#### TASK INSTRUCTIONS:
In the data below, repeat the line containing "DataHaven survey data for Connecticut" and every following line exactly, up to and including the last line. Exclude pictures.

*** EXERCISE INPUTS ***

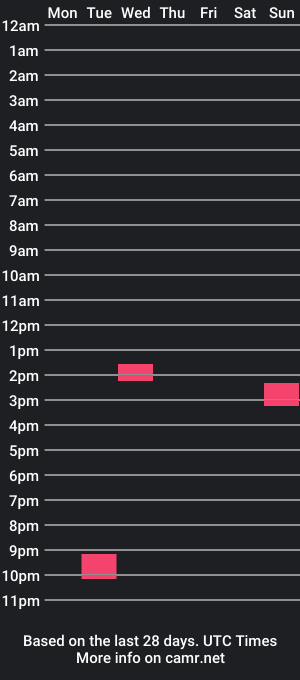 cam show schedule of mroldred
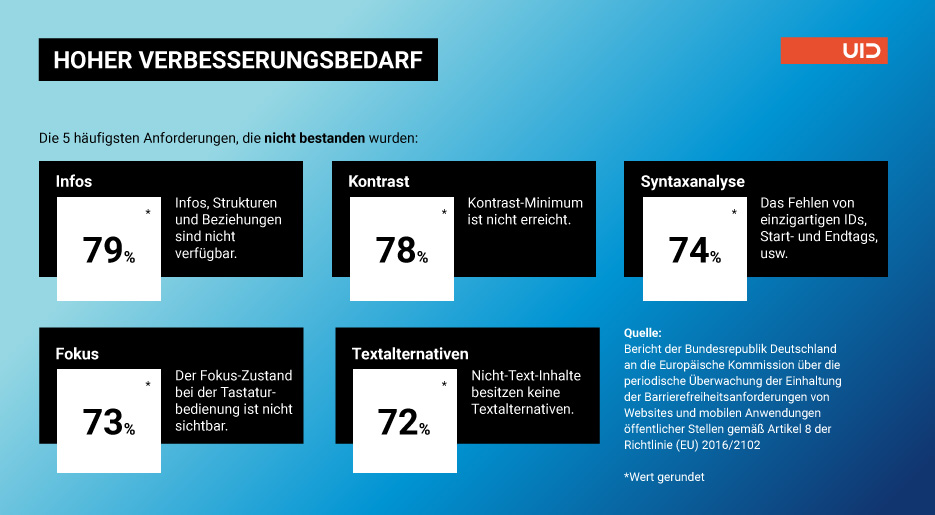 Infografik zum Verbesserungsbedarf in Sachen Barrierefreiheit: 79% Infos und Strukturen nicht verfügbar 78% Kontrast-Minimum nicht erreicht 74% mangelnde Syntaxanalyse 73% Fokus-Zustand nicht sichtbar 72% ohne Textalternativen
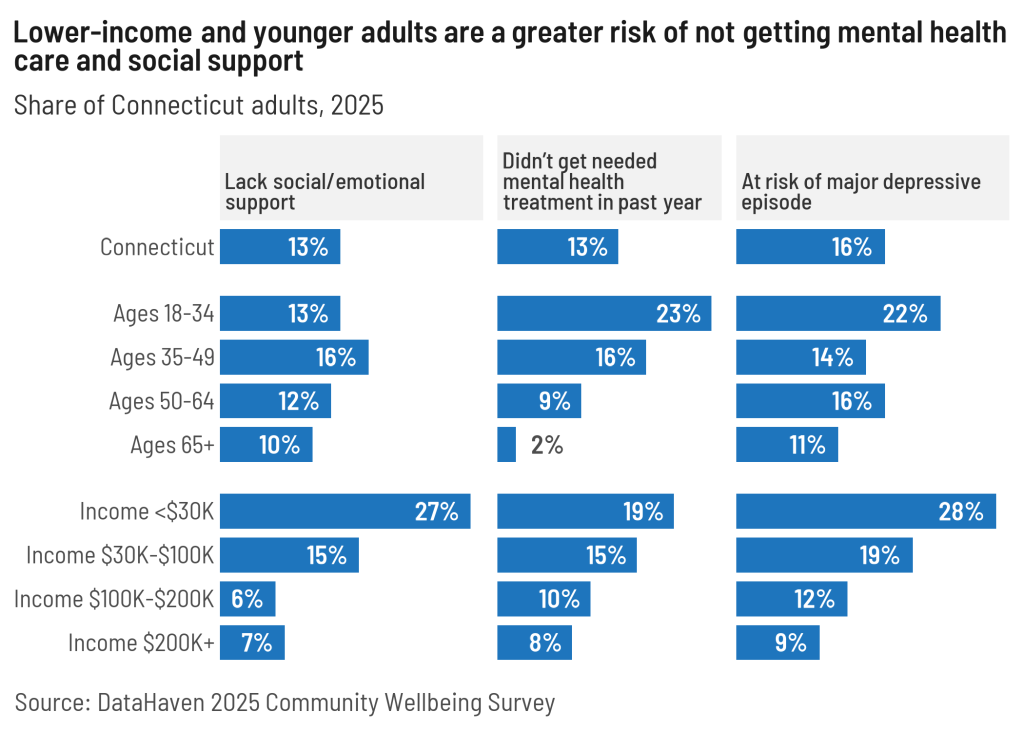 DataHaven survey data for Connecticut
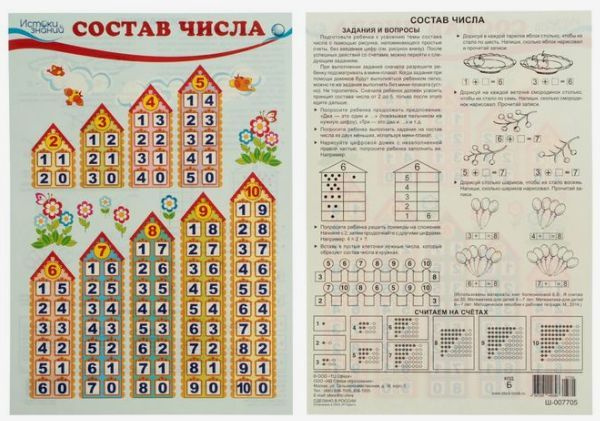 Обучающий плакат "Состав числа" #1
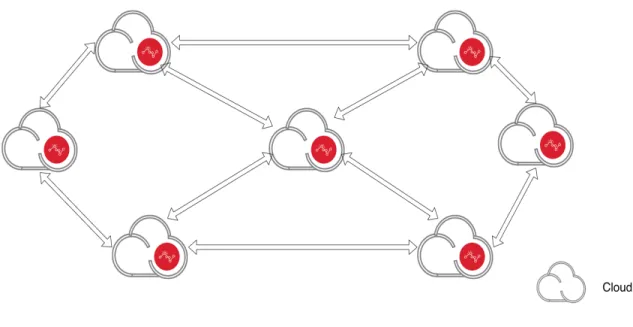 Figure 1. Cooperative Cloud Based IDS  2.2.3 Signature Based Detection System 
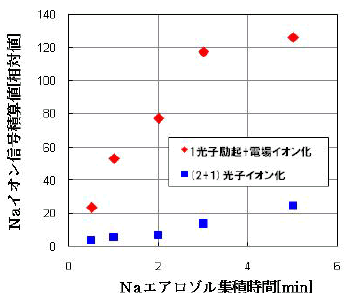 図4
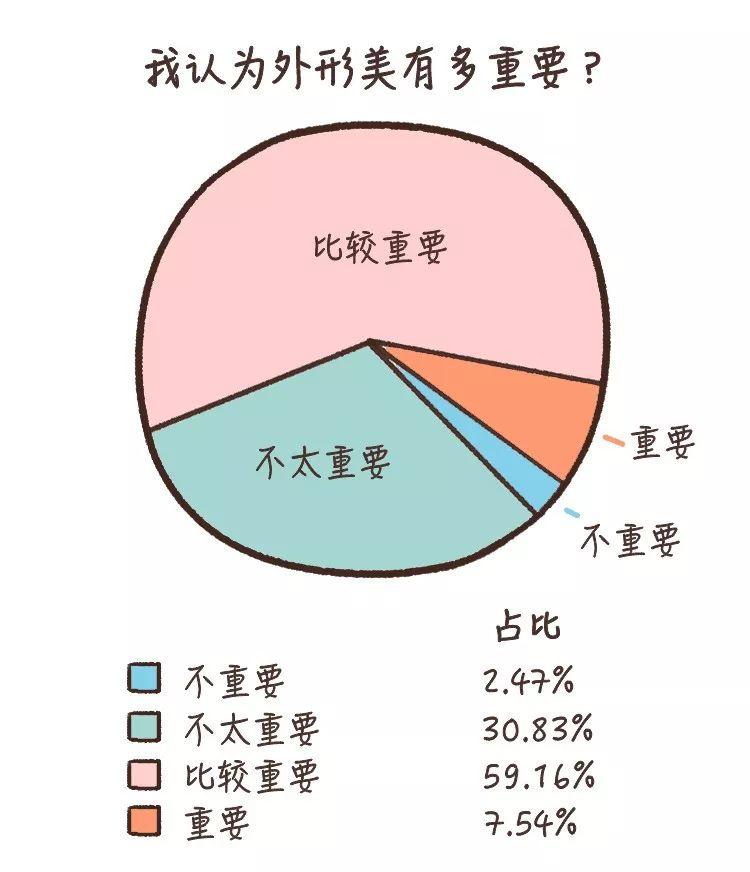 有钱人对外形更满意，单身狗更容易觉得自己丑 | KY研究所：《中国人颜值报告》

*** End of EXERCISE INPUTS ***

#### SOLUTION FOR THIS TASK:
 DataHaven survey data for Connecticut
 Обучающий плакат "Состав числа" #1
 Figure 1. Cooperative Cloud Based IDS  2.2.3 Signature Based Detection System 
 図4
 有钱人对外形更满意，单身狗更容易觉得自己丑 | KY研究所：《中国人颜值报告》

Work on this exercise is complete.